PostgreSQL Database with Kubernetes for Performance and Collaboration

In some earlier tutorials we introduced Kubernetes cluster manager and discussed using it with MySQL database, Oracle Database, and Oracle NoSQL Database. Kubernetes cluster manager orchestrates a cluster of Docker containers, providing replication, auto scaling, rolling updates, service abstraction, high availability, and load balancing. In this tutorial we shall discuss using PostgreSQL with Kubernetes.

How Does Kubernetes Improve Performance?

Kubernetes makes feasible a microservices architecture which has several benefits as compared to the monolithic architecture. Kubernetes is suitable for developing scalable, reliable database services. A Pod is a set of one or more containers, each of which is running an application (such as a database), which could be same or different across a Pod.

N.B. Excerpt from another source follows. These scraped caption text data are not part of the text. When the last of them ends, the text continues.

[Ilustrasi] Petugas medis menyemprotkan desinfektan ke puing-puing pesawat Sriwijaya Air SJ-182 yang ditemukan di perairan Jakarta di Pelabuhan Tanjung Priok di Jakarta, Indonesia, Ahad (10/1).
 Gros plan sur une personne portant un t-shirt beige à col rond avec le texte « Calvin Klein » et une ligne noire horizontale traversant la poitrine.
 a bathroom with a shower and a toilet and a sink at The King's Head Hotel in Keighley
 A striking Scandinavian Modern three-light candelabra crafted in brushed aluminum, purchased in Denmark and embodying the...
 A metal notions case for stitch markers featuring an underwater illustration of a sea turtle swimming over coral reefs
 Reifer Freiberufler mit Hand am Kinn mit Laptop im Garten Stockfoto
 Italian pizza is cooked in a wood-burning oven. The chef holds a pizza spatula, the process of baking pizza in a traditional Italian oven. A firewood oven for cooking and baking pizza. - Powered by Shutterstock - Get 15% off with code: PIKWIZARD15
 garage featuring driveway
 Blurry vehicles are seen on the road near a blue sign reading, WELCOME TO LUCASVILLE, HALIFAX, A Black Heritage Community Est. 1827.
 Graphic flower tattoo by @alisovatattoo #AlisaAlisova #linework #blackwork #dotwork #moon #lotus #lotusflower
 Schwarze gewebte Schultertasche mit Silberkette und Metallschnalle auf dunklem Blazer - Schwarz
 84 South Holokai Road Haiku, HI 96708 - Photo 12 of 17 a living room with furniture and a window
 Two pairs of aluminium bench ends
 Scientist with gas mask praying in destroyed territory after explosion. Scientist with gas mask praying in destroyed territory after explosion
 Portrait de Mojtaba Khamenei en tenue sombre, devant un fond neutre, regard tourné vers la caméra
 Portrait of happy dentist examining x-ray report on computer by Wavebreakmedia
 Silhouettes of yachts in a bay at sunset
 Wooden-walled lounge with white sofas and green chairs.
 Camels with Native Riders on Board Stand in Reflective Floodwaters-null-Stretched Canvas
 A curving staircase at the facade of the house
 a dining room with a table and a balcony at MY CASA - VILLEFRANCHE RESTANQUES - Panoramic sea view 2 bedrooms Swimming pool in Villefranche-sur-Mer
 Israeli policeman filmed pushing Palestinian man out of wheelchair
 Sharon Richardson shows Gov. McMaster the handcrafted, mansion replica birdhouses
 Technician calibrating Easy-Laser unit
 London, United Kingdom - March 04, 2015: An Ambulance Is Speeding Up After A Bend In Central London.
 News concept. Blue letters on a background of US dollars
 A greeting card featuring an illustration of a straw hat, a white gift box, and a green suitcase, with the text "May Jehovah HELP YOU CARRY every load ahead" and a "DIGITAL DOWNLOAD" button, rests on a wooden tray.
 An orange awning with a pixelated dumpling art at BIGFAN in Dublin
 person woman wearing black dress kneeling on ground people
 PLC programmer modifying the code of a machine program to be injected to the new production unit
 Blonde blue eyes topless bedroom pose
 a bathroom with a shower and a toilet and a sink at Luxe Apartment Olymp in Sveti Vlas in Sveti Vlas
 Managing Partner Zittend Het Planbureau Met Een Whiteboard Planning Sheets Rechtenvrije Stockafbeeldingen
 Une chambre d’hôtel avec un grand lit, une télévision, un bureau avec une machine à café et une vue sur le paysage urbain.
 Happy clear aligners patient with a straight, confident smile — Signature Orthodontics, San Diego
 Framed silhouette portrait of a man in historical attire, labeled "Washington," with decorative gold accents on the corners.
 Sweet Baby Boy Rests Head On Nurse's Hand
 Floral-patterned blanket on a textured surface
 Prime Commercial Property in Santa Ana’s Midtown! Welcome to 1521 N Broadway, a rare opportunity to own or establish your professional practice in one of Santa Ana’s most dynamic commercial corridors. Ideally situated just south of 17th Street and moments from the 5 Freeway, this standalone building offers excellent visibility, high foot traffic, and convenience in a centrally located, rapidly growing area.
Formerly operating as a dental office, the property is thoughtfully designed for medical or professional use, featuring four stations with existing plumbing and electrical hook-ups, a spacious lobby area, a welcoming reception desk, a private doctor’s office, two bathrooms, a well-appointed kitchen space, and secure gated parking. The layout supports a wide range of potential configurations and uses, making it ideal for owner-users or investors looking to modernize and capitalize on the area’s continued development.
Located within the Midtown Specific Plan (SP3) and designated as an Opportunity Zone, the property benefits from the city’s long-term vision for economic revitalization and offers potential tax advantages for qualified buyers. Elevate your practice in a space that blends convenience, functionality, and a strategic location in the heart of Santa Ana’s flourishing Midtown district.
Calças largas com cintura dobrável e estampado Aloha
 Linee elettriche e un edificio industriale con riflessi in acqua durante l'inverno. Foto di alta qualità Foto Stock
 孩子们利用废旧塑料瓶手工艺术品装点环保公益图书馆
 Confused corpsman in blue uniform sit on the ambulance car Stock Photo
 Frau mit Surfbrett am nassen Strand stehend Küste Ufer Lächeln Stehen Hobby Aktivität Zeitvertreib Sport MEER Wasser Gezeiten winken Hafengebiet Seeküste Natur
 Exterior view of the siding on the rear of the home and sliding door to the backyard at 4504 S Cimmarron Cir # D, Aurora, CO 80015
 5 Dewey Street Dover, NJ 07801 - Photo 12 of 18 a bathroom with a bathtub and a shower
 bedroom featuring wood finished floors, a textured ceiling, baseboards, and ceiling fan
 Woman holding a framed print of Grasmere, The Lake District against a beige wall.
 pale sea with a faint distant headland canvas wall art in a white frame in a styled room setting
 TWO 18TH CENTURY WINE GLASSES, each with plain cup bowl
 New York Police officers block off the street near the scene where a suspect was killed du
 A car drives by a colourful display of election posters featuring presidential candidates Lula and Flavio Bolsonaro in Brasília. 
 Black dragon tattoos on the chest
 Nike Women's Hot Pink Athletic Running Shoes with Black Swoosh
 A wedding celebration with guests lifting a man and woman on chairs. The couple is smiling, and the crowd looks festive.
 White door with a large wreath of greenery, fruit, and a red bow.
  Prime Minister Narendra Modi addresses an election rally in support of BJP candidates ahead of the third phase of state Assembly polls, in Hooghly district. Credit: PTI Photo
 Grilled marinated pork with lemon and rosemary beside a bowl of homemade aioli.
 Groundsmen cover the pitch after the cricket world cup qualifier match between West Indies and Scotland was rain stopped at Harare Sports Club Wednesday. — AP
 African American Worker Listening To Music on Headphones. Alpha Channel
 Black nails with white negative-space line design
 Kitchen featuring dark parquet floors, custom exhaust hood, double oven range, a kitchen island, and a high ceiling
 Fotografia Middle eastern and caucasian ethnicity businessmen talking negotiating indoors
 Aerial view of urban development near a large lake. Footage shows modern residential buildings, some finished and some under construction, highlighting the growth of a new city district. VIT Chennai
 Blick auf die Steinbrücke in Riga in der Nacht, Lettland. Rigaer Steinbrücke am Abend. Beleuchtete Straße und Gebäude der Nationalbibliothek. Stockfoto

A service is an abstraction over a set of Pods for clients to be able to invoke a Pod application.

Earlier versions of Docker did not provide any native cluster management features. But Docker Engine 1.12 integrates the Docker Swarm cluster manager. Docker Swarm does overcome some of the earlier limitations of Docker by providing replication, load balancing, fault tolerance, and service discovery, but Kubernetes provides some features suitable for developing object-oriented applications. A Pod abstraction is the atomic unit of deployment in Kubernetes. A Pod may consist of one or more containers. Co-locating containers has several benefits as Docker containers in a Pod share the same networking and file system and run on the same node, which reduces the network latency between the containers. Docker Swarm does not support auto scaling directly. While Docker Swarm is Docker native, Kubernetes is more production ready, having been used in production at Google for more than 15 years.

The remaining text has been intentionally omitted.